§ **Problem**: Print the material below exactly as it stands, please, from its first line to the line holding "woman grimacing while running on a treadmill", with no pictures.

====== Stored data

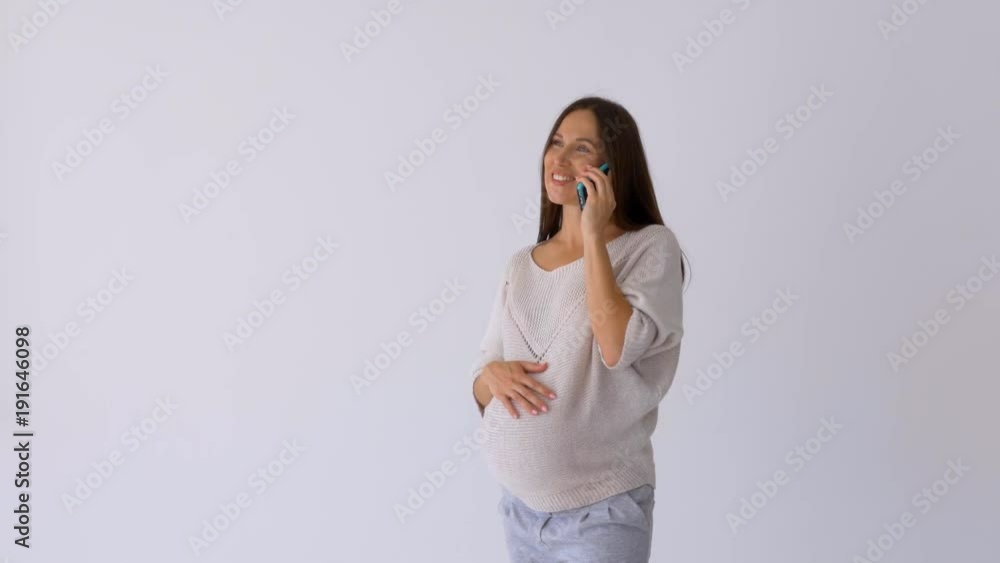 Smiling woman holding a telephone to her pregnant belly Smiling woman holding a telephone to her pregnant belly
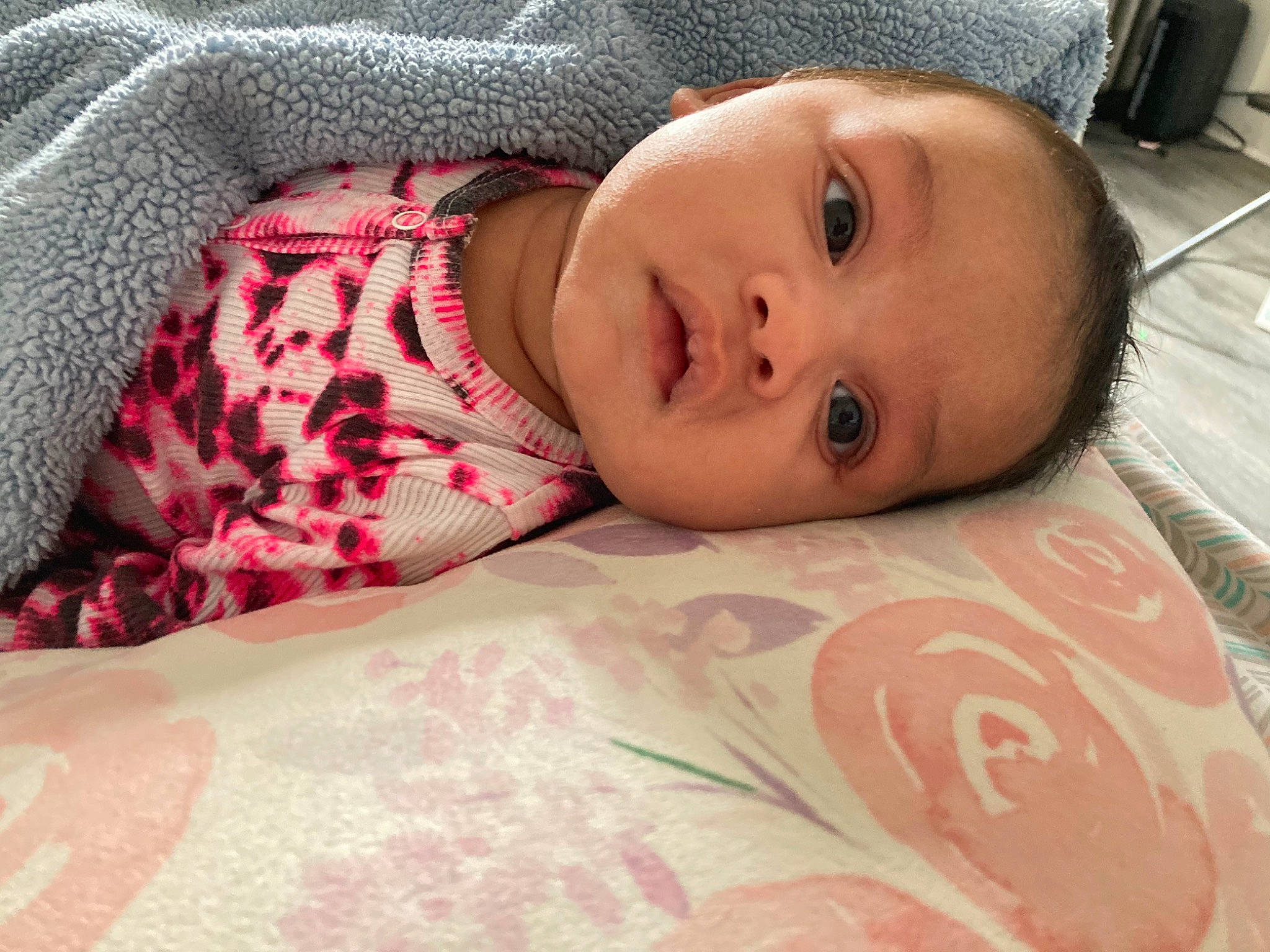 Naylani is registered to the contest to win money with this photo: baby, baby_toddler_clothing, cheek, comfort, eye, eyelash, face, head, human_body, iris, linens, lip, nose, pattern, person, pink, skin, sleeve, smile, toddler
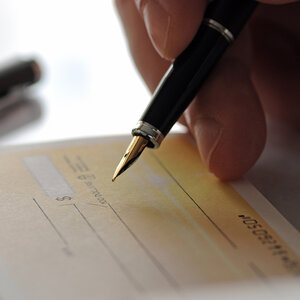 A closeup of a hand holding a foundation pen, about to sign a check. A closeup of a hand holding a foundation pen, about to sign a check.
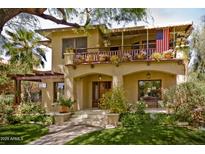 Charming two-story home with a large front porch and well-manicured lawn at 522 W Roosevelt St, Phoenix, AZ 85003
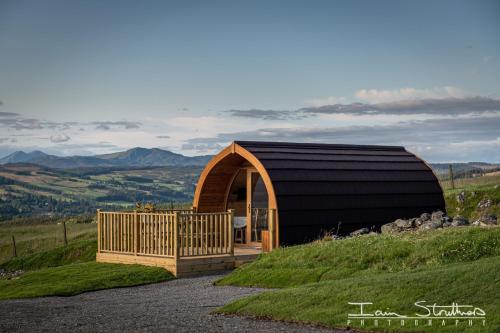 a small building on top of a hill at Lawers Luxury Glamping Pet Friendly Pod at Pitilie Pods in Aberfeldy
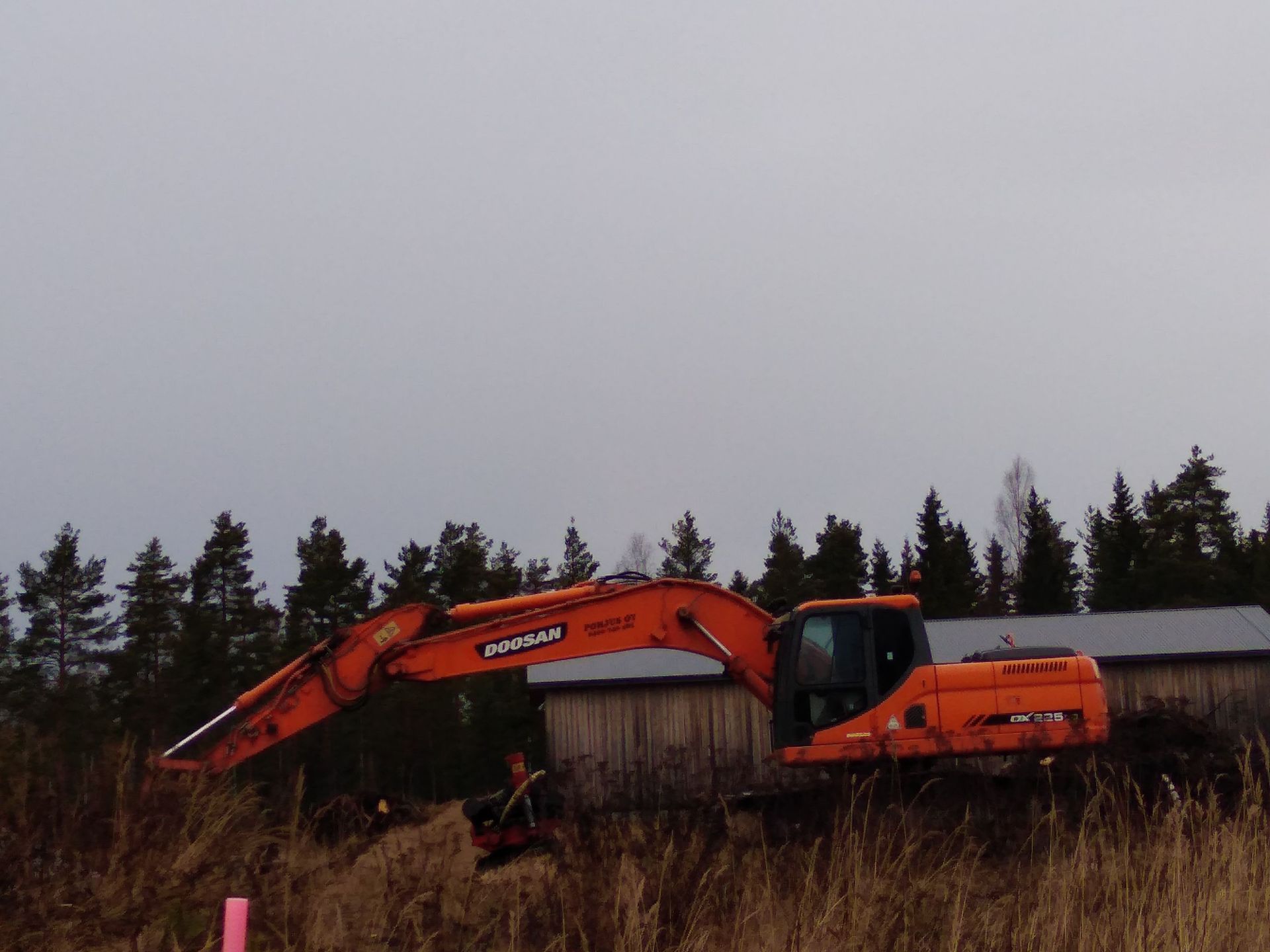 Oranssi kaivinkone työskentelee ulkona puiden ja rakennuksen lähellä pilvisenä päivänä.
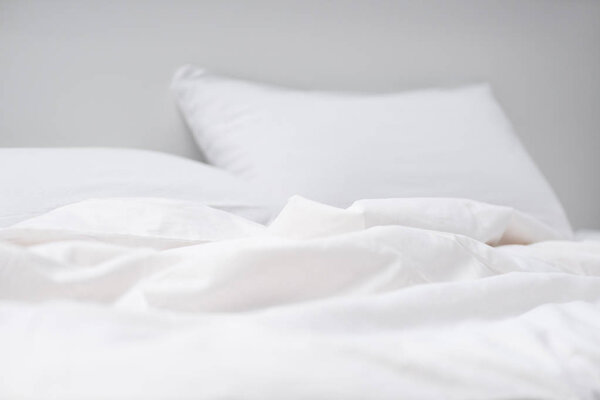 selective focus of empty bed with white pillows and blanket 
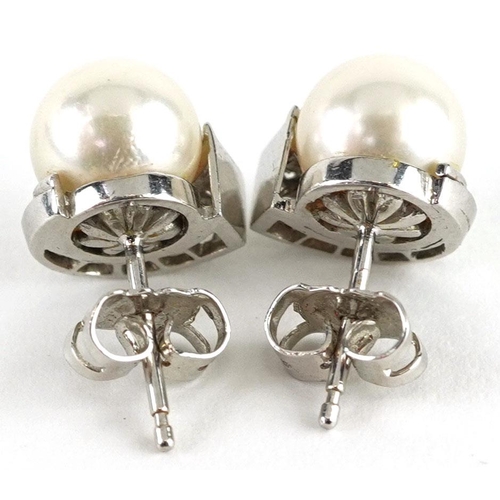 3015 - A pair of unmarked white gold cultured pearl and diamond stud earrings, the pearls 8.2mm in diameter... 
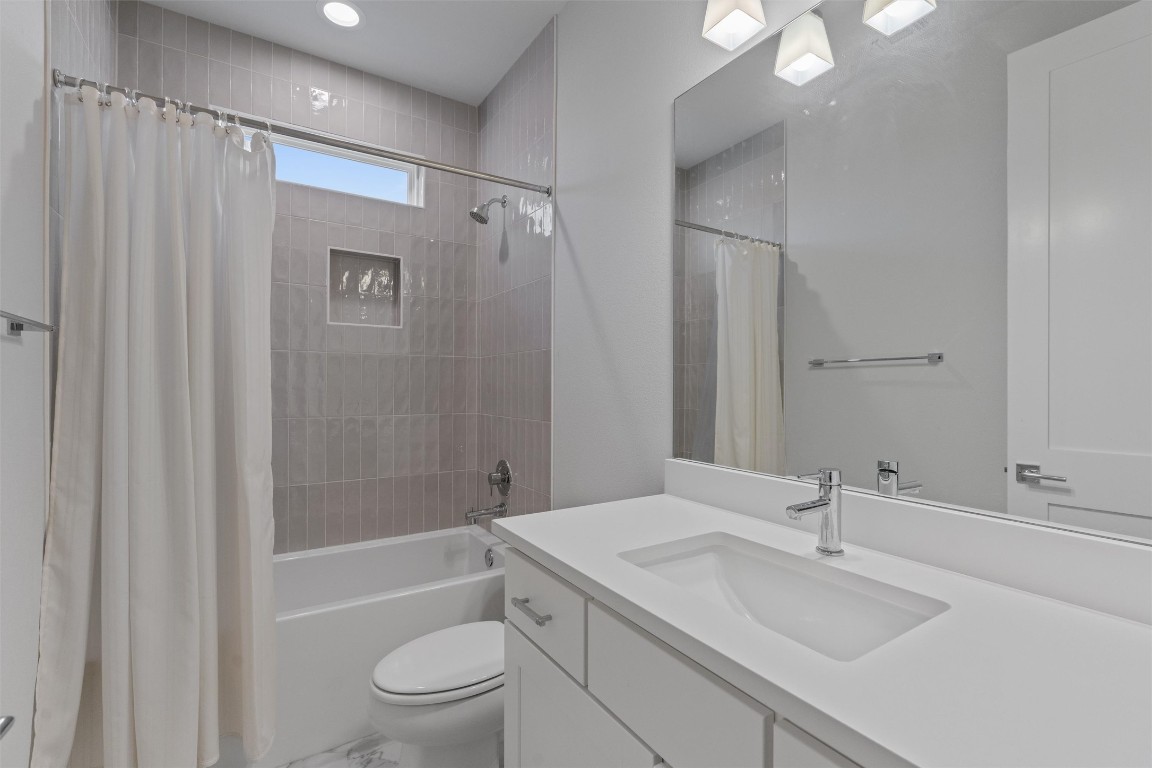 5002 Pecan Springs Road, Unit 1 Austin, TX 78723 - Photo 34 of 38 Full bath with shower / bath combo and vanity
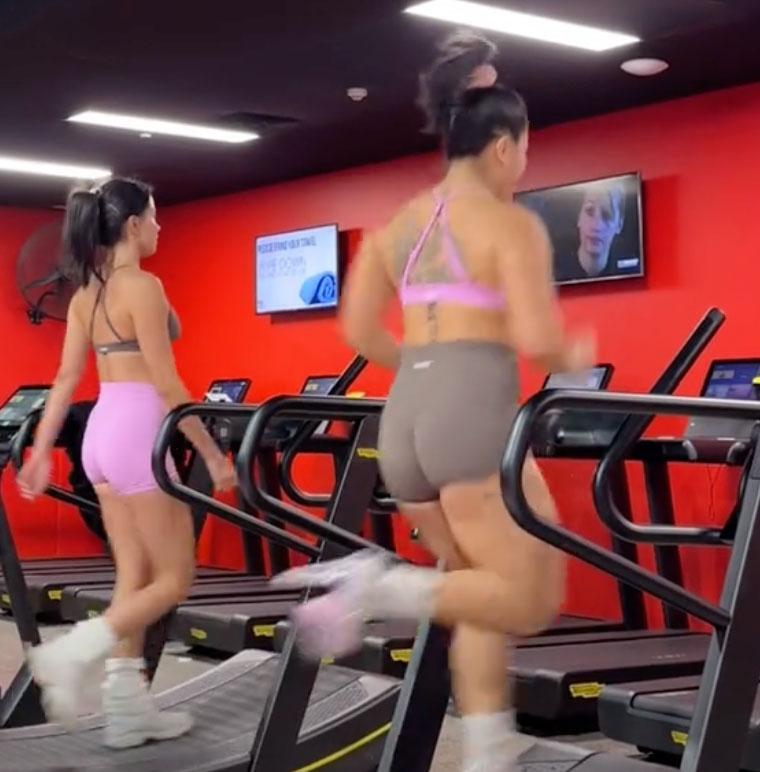 woman grimacing while running on a treadmill
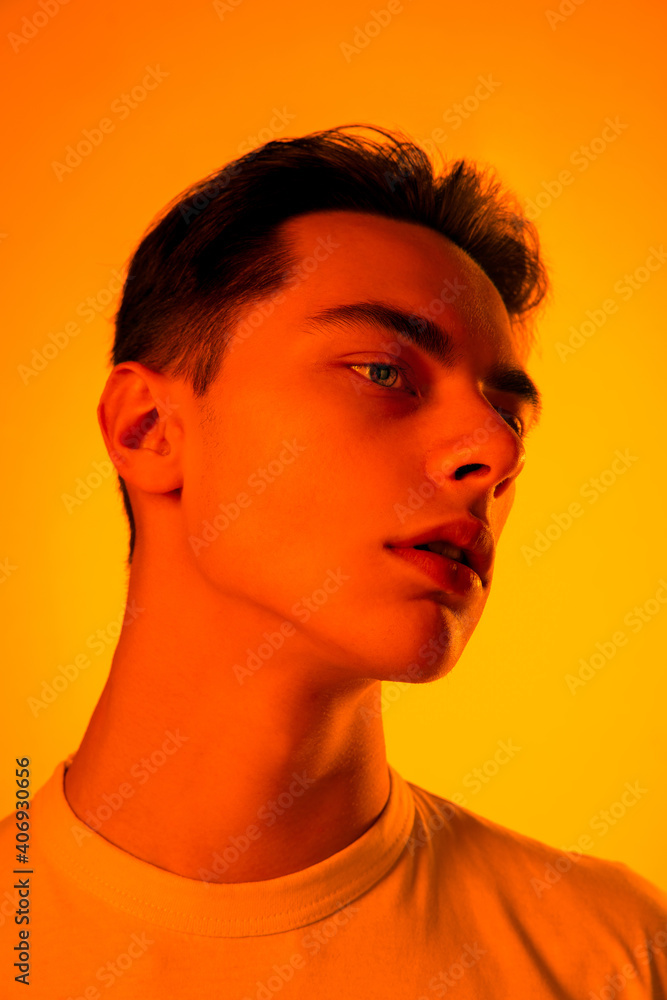 Warm. Handsome caucasian man's portrait isolated on orange studio background in neon, monochrome. Beautiful male model. Concept of human emotions, facial expression, sales, ad, fashion and beauty. Warm. Handsome caucasian man's portrait isolated on orange studio background in neon, monochrome. Beautiful male model. Concept of human emotions, facial expression, sales, ad, fashion and beauty.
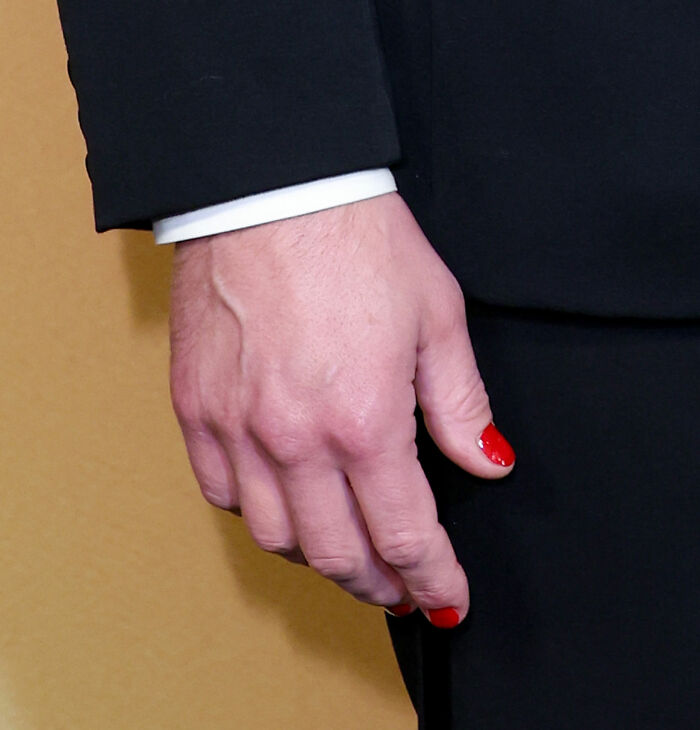 Close-up of a man's hand in a suit with red nail polish, highlighting a unique detail in a perfect man look.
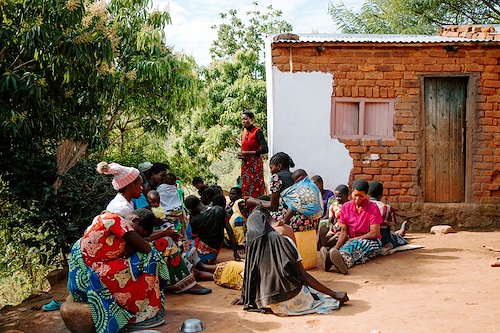 Mayamiko from CURE Malawi's spiritual department prays with patient Flora's village.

============

§ **Result for this exercise**:
 Smiling woman holding a telephone to her pregnant belly Smiling woman holding a telephone to her pregnant belly
 Naylani is registered to the contest to win money with this photo: baby, baby_toddler_clothing, cheek, comfort, eye, eyelash, face, head, human_body, iris, linens, lip, nose, pattern, person, pink, skin, sleeve, smile, toddler
 A closeup of a hand holding a foundation pen, about to sign a check. A closeup of a hand holding a foundation pen, about to sign a check.
 Charming two-story home with a large front porch and well-manicured lawn at 522 W Roosevelt St, Phoenix, AZ 85003
 a small building on top of a hill at Lawers Luxury Glamping Pet Friendly Pod at Pitilie Pods in Aberfeldy
 Oranssi kaivinkone työskentelee ulkona puiden ja rakennuksen lähellä pilvisenä päivänä.
 selective focus of empty bed with white pillows and blanket 
 3015 - A pair of unmarked white gold cultured pearl and diamond stud earrings, the pearls 8.2mm in diameter... 
 5002 Pecan Springs Road, Unit 1 Austin, TX 78723 - Photo 34 of 38 Full bath with shower / bath combo and vanity
 woman grimacing while running on a treadmill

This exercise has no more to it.